* Aim of the exercise: Transcribe exactly the lines that fall between the one holding "652F Silicone Case" and the one holding "von TOMMY HILFIGER Curve", inclusive, from the entries below.

* Records for the task:
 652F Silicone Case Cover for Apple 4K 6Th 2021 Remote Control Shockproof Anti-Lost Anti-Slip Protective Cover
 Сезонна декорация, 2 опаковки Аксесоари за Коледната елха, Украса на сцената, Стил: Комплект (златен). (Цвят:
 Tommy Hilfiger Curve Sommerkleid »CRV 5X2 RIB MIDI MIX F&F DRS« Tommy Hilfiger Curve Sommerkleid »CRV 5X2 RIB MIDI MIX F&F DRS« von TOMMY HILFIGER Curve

--

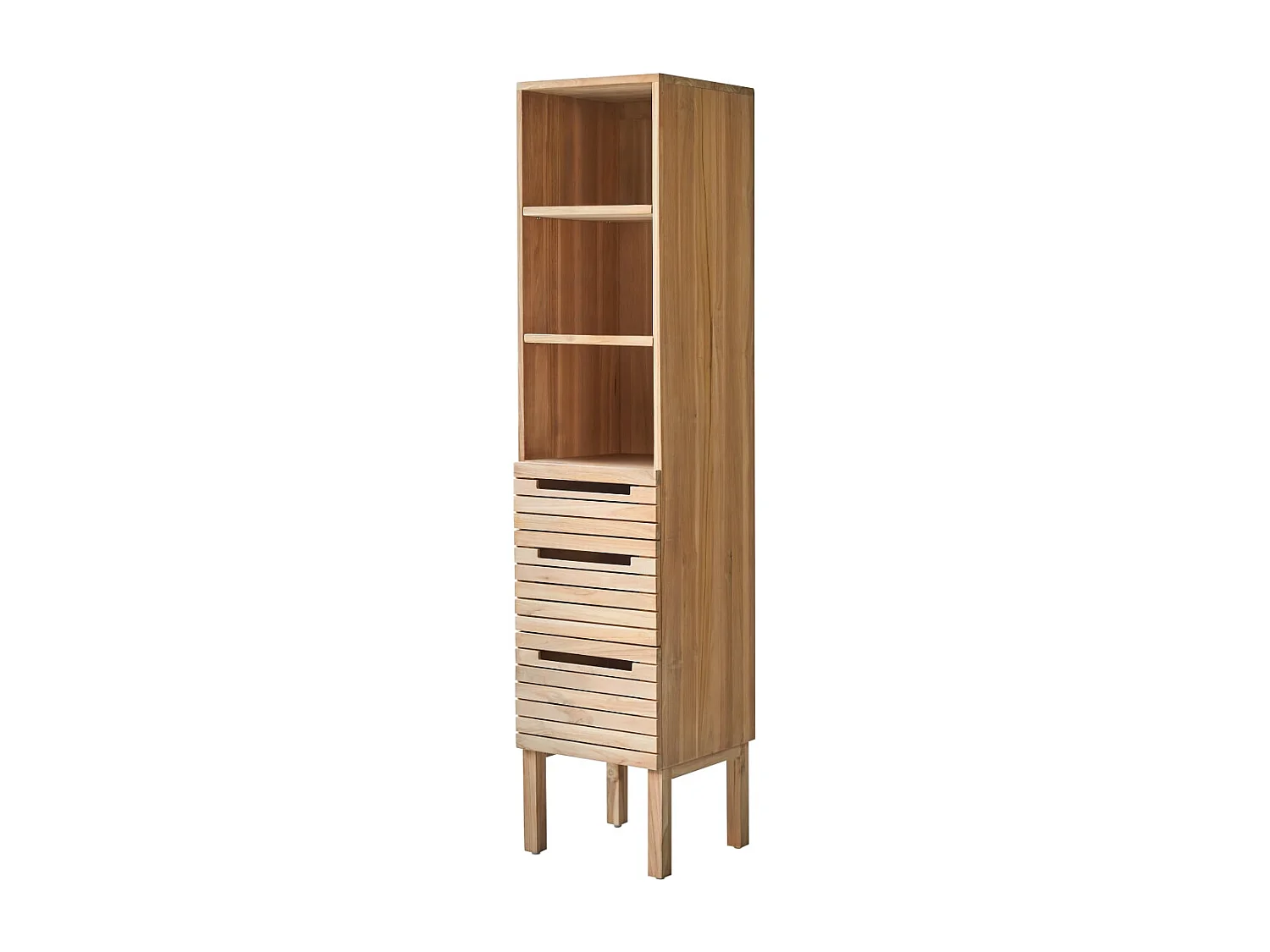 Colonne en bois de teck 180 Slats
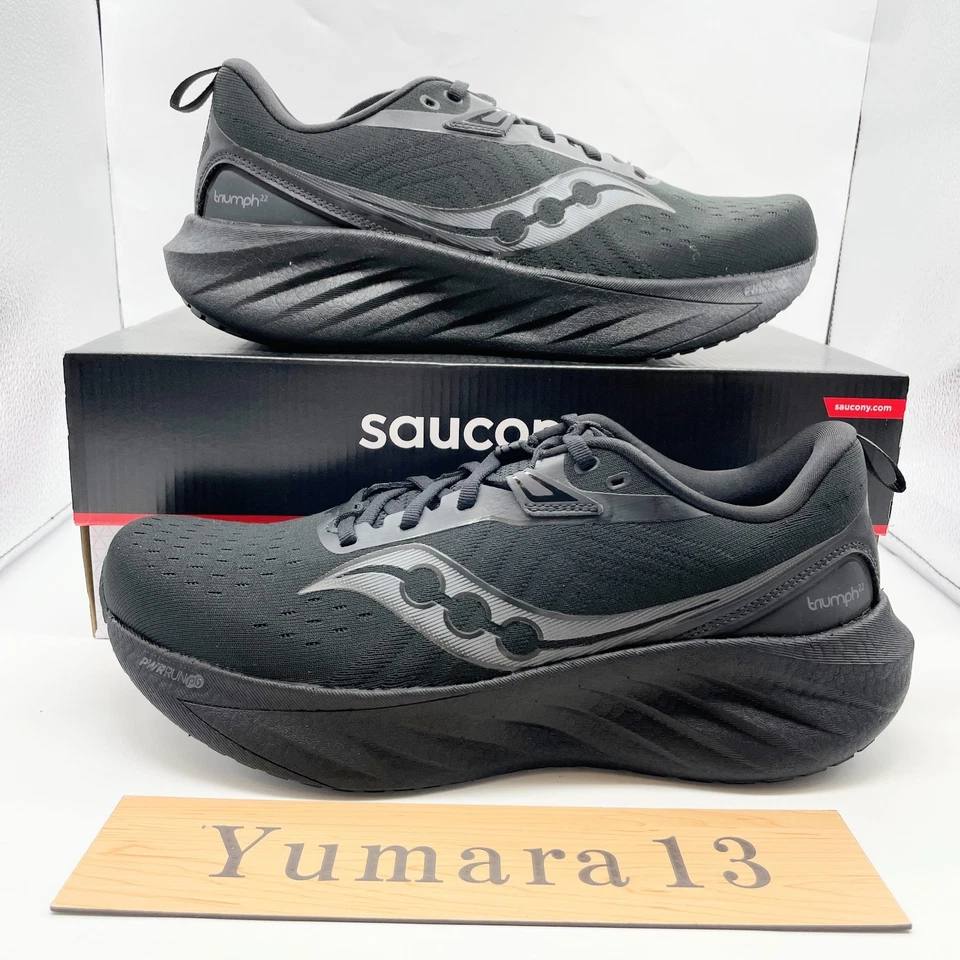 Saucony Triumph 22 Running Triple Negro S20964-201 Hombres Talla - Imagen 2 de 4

==

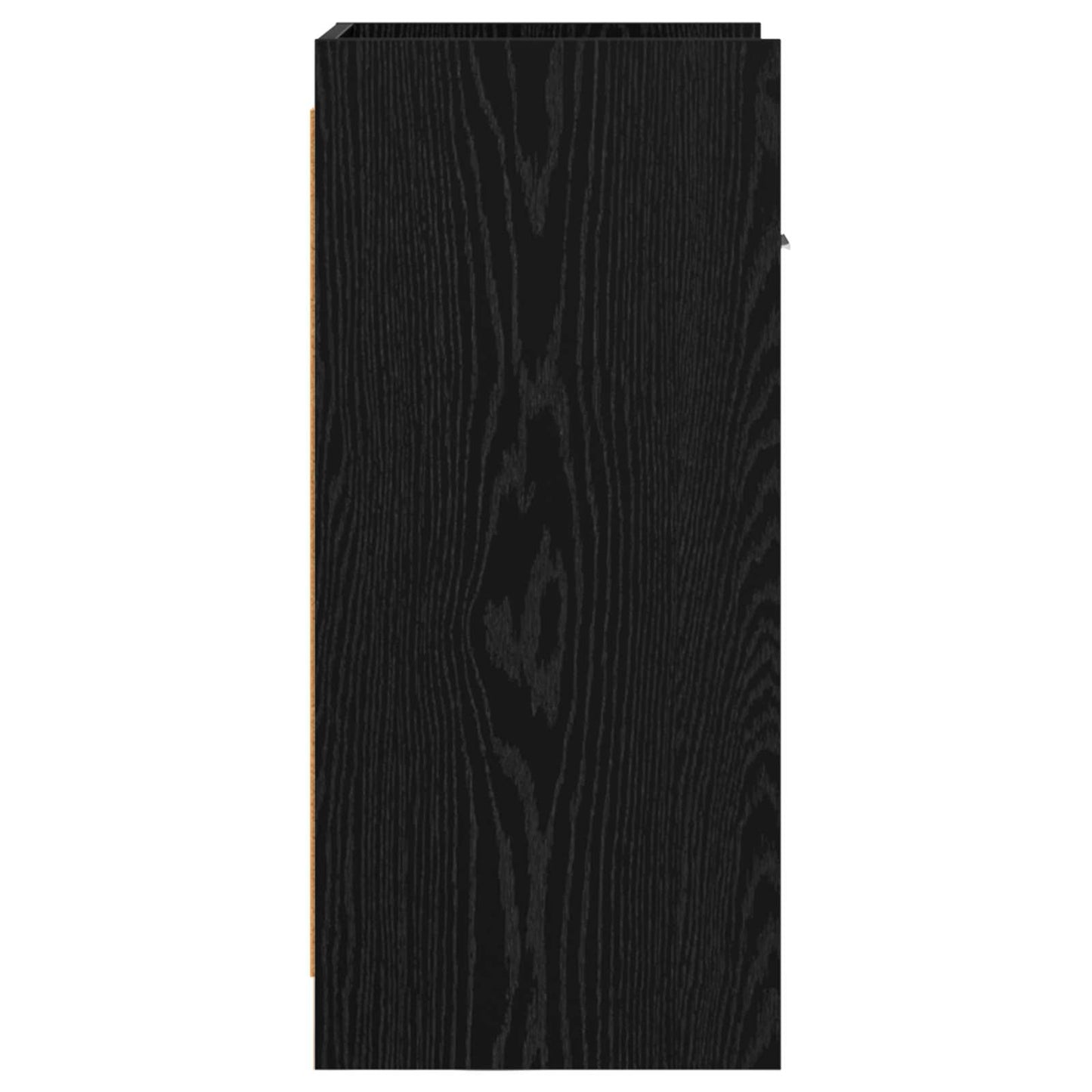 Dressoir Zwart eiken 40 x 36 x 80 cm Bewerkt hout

* Written answer:
 652F Silicone Case Cover for Apple 4K 6Th 2021 Remote Control Shockproof Anti-Lost Anti-Slip Protective Cover
 Сезонна декорация, 2 опаковки Аксесоари за Коледната елха, Украса на сцената, Стил: Комплект (златен). (Цвят:
 Tommy Hilfiger Curve Sommerkleid »CRV 5X2 RIB MIDI MIX F&F DRS« Tommy Hilfiger Curve Sommerkleid »CRV 5X2 RIB MIDI MIX F&F DRS« von TOMMY HILFIGER Curve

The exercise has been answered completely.